Brockport man confirmed at 72 - Catholic Courier

Brockport man confirmed at 72

ROCHESTER — James Waterman moved a lot as a child.

His mother raised him on her own, and he remembers moving from apartment to apartment several times. The family never really had a home parish, so confirmation was overlooked when he became a teenager, Waterman recalled. But as an adult, he continued to go to Mass and was a longtime parishioner of St. Jerome Parish in East Rochester before moving to Brockport two years ago.

Having often attended Mass at Sacred Heart Cathedral in his youth, Waterman participated in a retreat there last winter to prepare for the sacrament. He was confirmed at the cathedral on April 6

Waterman is 72.

"I just happened to be older than the bishop who serves the Diocese of Rochester," he joked of being confirmed by Bishop Salvatore R. Matano. "I was very excited about it. I thought it was a tremendous ceremony."

In the Rochester Diocese, the average candidate is confirmed at age 14, after undergoing a two-year preparation process, according to Mary Dundas, diocesan coordinator of evangelization and sacramental catechesis. That makes Waterman one of the oldest parishioners in the diocese to receive the sacrament, she said.

He certainly was the oldest person to be sponsored by Deacon Christopher Fisher of Nativity of the Blessed Virgin Mary Parish in Brockport, which Waterman joined after moving to Brockport from East Rochester.

When he called the parish office last year to inquire about making his confirmation, the staff recommended that he enroll in the Rite of Christian Initiation of Adults program.

During the RCIA process, Waterman got to know Deacon Fisher, who oversees the program along with Nativity’s pastor, Father Joseph McCaffrey. Waterman said he decided Deacon Fisher would be a good sponsor to help him through his faith journey. The deacon noted that Waterman initially wondered whether the RCIA program was the right place for him, but he continued attending the sessions.

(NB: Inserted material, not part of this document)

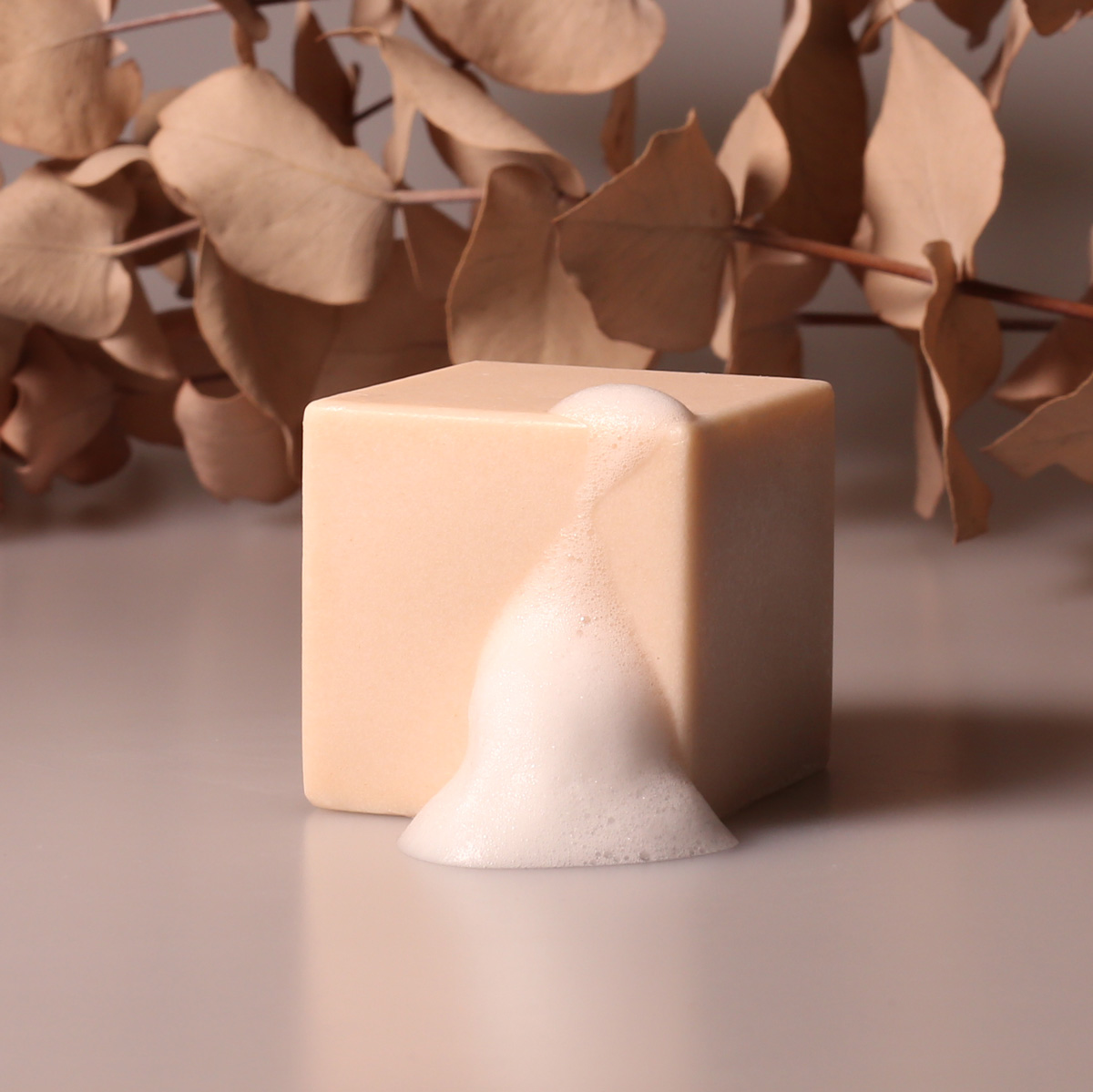 キューブ シャンプー 【CUBE shampoo smoky leaf】【固形シャンプー】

"We welcomed him into our RCIA program so he’d get a better understanding of his faith, which is what he was looking for in preparation to get him confirmed," the deacon remarked.

Waterman’s age was of interest to the group, which included two other adults, especially as he expressed such a strong desire to be confirmed, Deacon Fisher noted.

"As far as participation, (Waterman) did offer a lot of insight into his practice of his faith," he said.

That insight gave other members of the group some perspective regarding the changes that have taken place in the church since the Second Vatican Council, and also helped fulfill Waterman’s desire to better understand his faith, Deacon Fisher said.

Earlier this year, Waterman saw an advertisement in his parish bulletin for an adult confirmation retreat at the cathedral, and decided to participate to enhance his preparation for the sacrament.

He was one of six people, mostly young adults, who participated in the one-day retreat offered last February to baptized adults who have been practicing Catholics, explained Marianne Himmelsbach, the Cathedral Community’s faith-formation coordinator. Himmelsbach noted that in her work, she is finding other adults — though perhaps not as old as Waterman — who also never received the sacrament. The cathedral retreat was designed to catechize such adults who were caught in an "in-between stage," Himmelsbach added.

Waterman said the retreat helped provide a greater understanding of different aspects of the faith such as the gifts of the Holy Spirit, including wisdom, understanding and knowledge.

Upon being confirmed, Waterman said he hopes his greater knowledge of the faith will now help him better share it with others and evangelize as Pope Francis has asked all Catholics to do.

"All my life I’ve been telling everybody I’m a Catholic and you should be, but no one told me … how to preach," he said. "(Let’s) see if I have better luck now … with the benefits of having received the Holy Spirit."